Lent Reflection

A reflection for Lent on the sacrament of confession. This reflection is taken from the latest edition of our parish newsletter.


Recovering a Forgotten Rite by Rev. Joshua Peckett

On the approach to Easter, we hear much in scripture of the call to repent and seek forgiveness. Preaching repentance and fostering reconciliation are a vital part of what it means for the Church to continue the work of the Incarnation.

“Repent and be baptized”, said Saint Peter (Acts 2.38) to the first Christian converts - a reminder that our baptism is a “baptism of repentance for the forgiveness of sins” (Luke 3.3).

Only the repentant should be baptized and baptism deals with the effects of our sins, being a participation in the death and resurrection of Christ. But we all know that we sin after baptism. In one sense, baptism fulfils repentance, but ours is a life of constant ‘conversion’ – of turning to Christ – because we have a habit of wandering off and needing to come back home to God.

Thankfully, there exists a great aid to this predicament – private confession. Now, when one hears the words ‘private confession’, you’d be forgiven for first thinking about whispers in confessional booths and the wild plots of some Hollywood films. The truth is rather different and confession is a realistic sacrament acknowledging that, as sinners, we need help and we need to know that we are forgiven. It is an opportunity to be restored to the newness of baptism when we fail, and takes seriously the sentiment of the Prayer Book that ‘by frailty of our mortal nature we cannot always stand upright.’

The sacrament of confession embodies the sureness with which we can know that all who turn to Christ will not be tuned away (John 6.37), and as a way of taking stock of our lives before reaching out urgently to God for grace to make progress on the way to the perfect likeness of Christ, it is a wonderful reconnection with our baptism.

Sometimes a question is asked here - isn’t this all very Catholic and we don’t do this in the CofE? Well, while the popular image associates private confession with the Catholic Church, it is not exclusively a Catholic rite. At the Reformation, it was retained in some Protestant Churches. For example, it is an important part of Lutheran tradition and in the Church of England provision for it was made in Prayer Book when ministers visited the sick and dying who, possessing a disquieted conscience, could not find consolation in the General Confession of the liturgy. Today, private confession goes by various names: ‘The Reconciliation of the Penitent’, ‘the Sacrament of Reconciliation (or Penance)”, or simply “Confession”, are all commonly used and emphasize different aspects of the same rite. For those wary of it, the Anglican attitude to its practice has traditionally been summed up by the aphorism ‘All can, some should, none must’.

Whatever the name, private confession continues to be used when a person’s conscience is burdened with a particular sin, they wish to make a new beginning in the Christian life, or they wish to incorporate it as part of a regular personal discipline. The former Archbishop of Canterbury, Michael Ramsey, said that Christians should take care about the confession of their sins. As time passes the habit of being critical about people and things grows more than each of us realize, and regularly examining both our conscience and our behaviour is a healthy spiritual discipline.
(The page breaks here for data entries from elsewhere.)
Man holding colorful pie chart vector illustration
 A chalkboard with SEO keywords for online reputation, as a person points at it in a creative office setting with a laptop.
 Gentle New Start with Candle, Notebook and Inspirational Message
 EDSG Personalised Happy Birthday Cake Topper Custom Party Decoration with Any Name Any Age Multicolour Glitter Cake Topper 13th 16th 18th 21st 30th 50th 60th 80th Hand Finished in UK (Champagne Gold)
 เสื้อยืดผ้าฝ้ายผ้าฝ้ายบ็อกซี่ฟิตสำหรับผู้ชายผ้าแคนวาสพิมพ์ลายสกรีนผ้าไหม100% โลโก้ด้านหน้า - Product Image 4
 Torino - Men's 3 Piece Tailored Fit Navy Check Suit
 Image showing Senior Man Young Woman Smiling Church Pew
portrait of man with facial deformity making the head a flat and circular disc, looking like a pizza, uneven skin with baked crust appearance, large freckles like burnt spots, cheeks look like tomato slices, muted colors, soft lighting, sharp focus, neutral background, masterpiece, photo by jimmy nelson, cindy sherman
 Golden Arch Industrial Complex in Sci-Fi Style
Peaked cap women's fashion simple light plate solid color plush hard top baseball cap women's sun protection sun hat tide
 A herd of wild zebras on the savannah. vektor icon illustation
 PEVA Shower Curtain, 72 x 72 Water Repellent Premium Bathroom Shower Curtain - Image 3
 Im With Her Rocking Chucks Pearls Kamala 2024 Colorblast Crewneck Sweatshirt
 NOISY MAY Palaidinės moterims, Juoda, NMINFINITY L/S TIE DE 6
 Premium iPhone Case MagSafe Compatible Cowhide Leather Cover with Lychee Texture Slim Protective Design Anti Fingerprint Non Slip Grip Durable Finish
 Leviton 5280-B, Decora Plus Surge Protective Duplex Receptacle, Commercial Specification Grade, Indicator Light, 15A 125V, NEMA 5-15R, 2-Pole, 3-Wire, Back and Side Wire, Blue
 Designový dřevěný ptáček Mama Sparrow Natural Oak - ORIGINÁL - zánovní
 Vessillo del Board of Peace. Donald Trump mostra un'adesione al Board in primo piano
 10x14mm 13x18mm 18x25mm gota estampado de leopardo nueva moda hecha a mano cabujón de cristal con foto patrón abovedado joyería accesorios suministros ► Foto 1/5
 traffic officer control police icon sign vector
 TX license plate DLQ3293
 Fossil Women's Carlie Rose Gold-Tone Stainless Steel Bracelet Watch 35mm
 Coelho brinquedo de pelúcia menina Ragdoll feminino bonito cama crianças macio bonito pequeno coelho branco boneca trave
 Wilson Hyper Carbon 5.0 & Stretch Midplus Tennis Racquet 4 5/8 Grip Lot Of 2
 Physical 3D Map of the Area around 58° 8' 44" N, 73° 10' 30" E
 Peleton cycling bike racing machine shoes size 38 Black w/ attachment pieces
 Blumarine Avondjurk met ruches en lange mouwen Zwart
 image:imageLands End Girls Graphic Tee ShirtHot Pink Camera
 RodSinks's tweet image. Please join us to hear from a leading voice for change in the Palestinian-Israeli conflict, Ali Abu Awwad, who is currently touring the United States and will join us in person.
As we move from through the Christian year, from the celebration of the Incarnation at Christmas to Christ’s Passion and Resurrection at Easter, let me commend private confession to you if you have never considered it before. As an opportunity to be unburdened of our sins, seek solace and advice, and hear the joyful words of God’s absolution pronounced upon us, it is entirely fitting with the Lenten journey to Easter. So, however we prepare for the great celebration of our redemption at Easter, let us do so as people committed to following Christ with our whole selves, knowing our faults and seeking good in our lives, and let us be ready to proclaim the same freedom to others we now know in Christ.